Retopologising the Frog
The need arose for me to learn this tool as I was making models based on ZSpeher-sketching > Adaptive Skin. When the Speheres are not aligned properly, the faces have a way of digging into each other.
Now, this may not be a big concern if you are making a 2D image and the end result is a matter of fine detail.
But if you want to animate it and assign a good UV-map and Texture to it, then edgeflow and topology is Essential.
My frog looked great as a concept, but turned out to be a nightmare to animate, bacause of the hidden faces.
I then hid the parts that was medded up, and bridged the gap with Retopology.
It can take a while, but there is no getting around it if you want smooth animation. It allso helps to get good UV:layout for texturing if the mesh looks good.
You can see here the before and after work of the frog.
Texturing in ZBrush
Texturing can be done after UV:s have been assigned to teh model. ZBrush then has two exelent methods of doing this.
The first is to paint directly on the mesh by using Polypaint, wich I used for every model. It´s great for getting the color and patterns on quickly. But the model needs to be in a high subdivision in order to get sharp details.
A better way would be to use ZApplink to take a snapshot of apart of the model, send it to a Imageediting-program like Photoshop or Gimp, and then add high-rez details. When the texture is reimported in ZBrush the details are transferred to the texturemap. Brilliant!
UV:s can be assigned directly in ZBrush, but the Texture can only
be viewed and edited in ZBrush. Anywehere else it just lookes like a distorted jigsawpuzzle.
After having tried this I changed my workflow to assign UV:s in Maya and then reimporting the model..
It happens quite often that you have to tweak a texure outside of ZBrush
and the automatic UV:s are limiting in that way.
Now there are a new plugin for ZB 3.5 wich can for the first time assign UV:s in a intelligent way and allow editing outside program hence eliminating the export-import step.
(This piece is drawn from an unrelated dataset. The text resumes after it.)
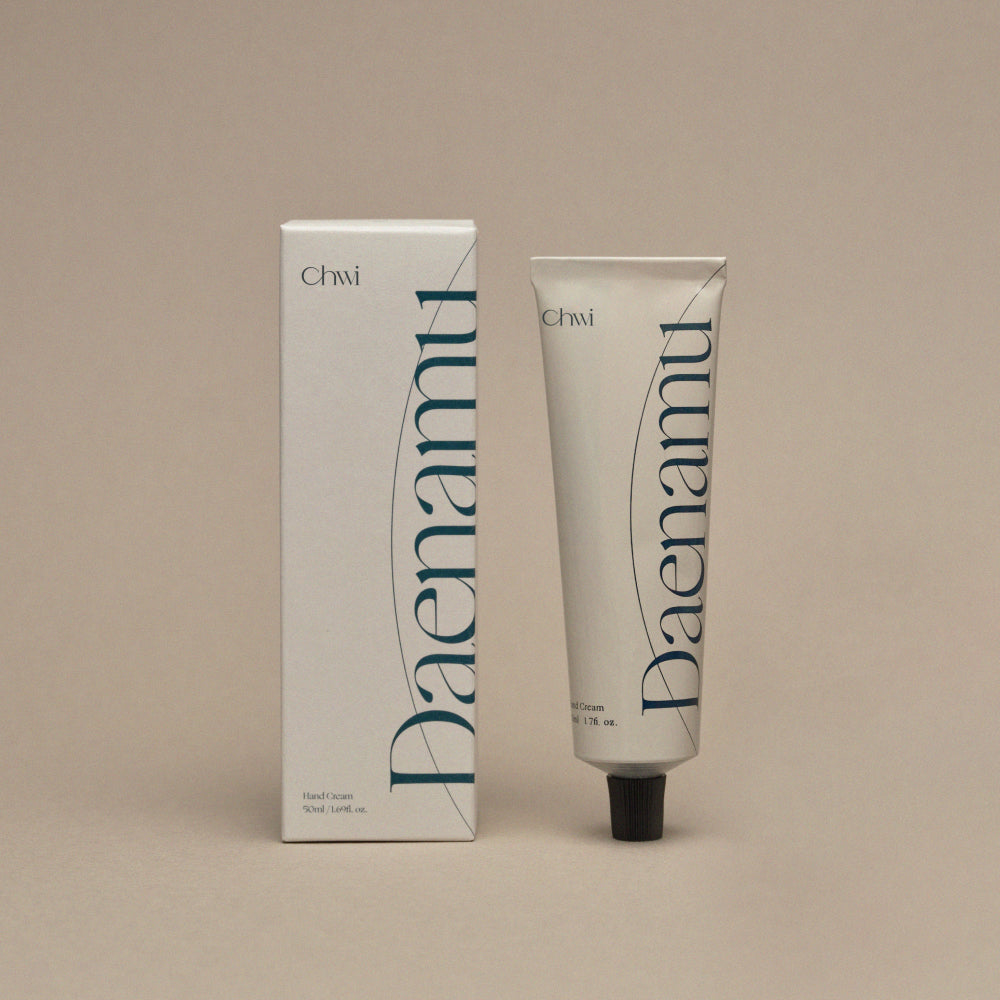 [CHI] Intoxicating hand cream 50ml (choose 1 of 4 types)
Again, brilliant! Unfortunately I had not access to this tool at the time.
After that it´s just a matter of animating the model in your program of choice. In my case I rigged, lighted and animated the models in Maya 2009 and exported the images to be used in arrays in Java-code.
Putting it all together
A lot goes into making a game work. The code needs to be optimized, the timing has to be checked, the animations and movements need to work like you expect it to.
We tried hard to get it all ready in time for our last presentation, but fell short on some points. However, the playthrough at least gives you the vision of what the game Mimic would be like if finished. I still think it would be a really fun game if I could make it in 3D and implement all of the features I have in my head.
Maby one day I will eh?
Here is a playthough of the first 2 levels. I hope you like it!
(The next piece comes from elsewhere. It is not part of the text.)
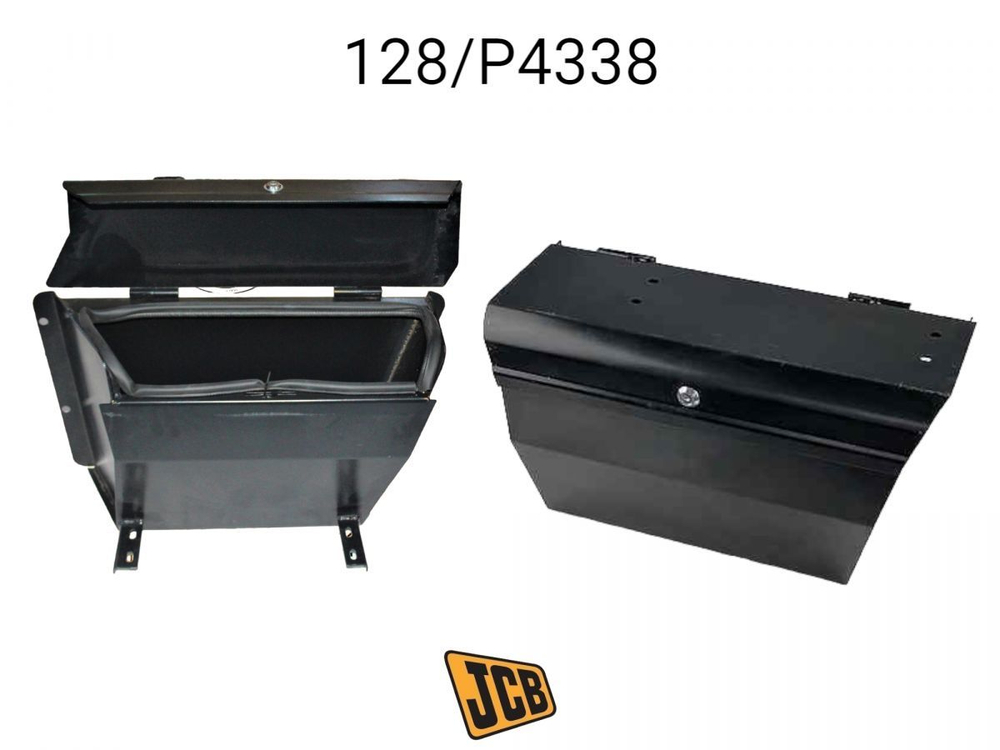Инструментальный ящик JCB 128/P4338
The main thing I learned was that
a 2D platform game like Mario may look simple, but so much work goes into
it to make it look good and function. Animating for Java (2D) was allso a good
lesson even though the workflow is similar for 3D.
I learned a great deal about modelling
during the course of the project since I had never properly looked at
ZBrush before this. I am continually blown away by the program as it let´s me create things in hours rather than weeks!
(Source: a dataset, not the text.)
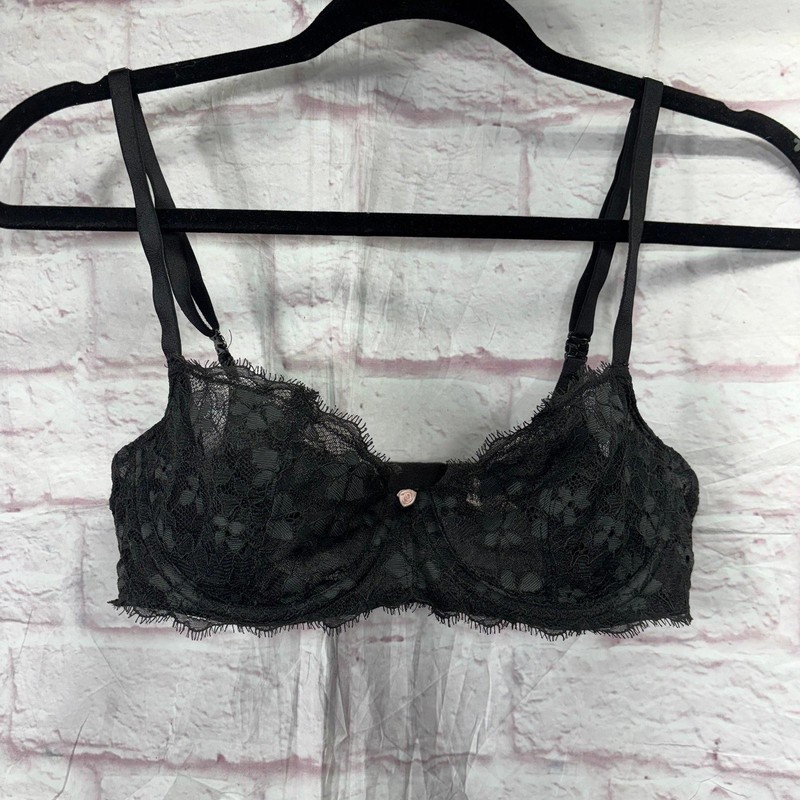 Victoria's Secret Dream Angel Bra without Padding 34C gallery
I can´t see myself stopping using it ever.
The other important thing I learned was how important it is to have good team leadership, good comunication and a good division of tasks within the team.
As we lost members during the project it became harder. We managed to get a working game in the end, but it´s a big risk to have only one Graphical Artist in the team.
I really enjoyed the work and the creative freedom and feeling of trust from the others. But there were times when I felt stressed out because I could not really turn to anyone for help.
I now have a better understanding
of the workflow of creating assets for games.
I am looking forward
to future projects. One of the biggest pleasures of working in a team focused on a game, is that something grows as you work.
The ideas become real, and in a lot of cases the only limitation is your own lack of imagination, skills or teamwork.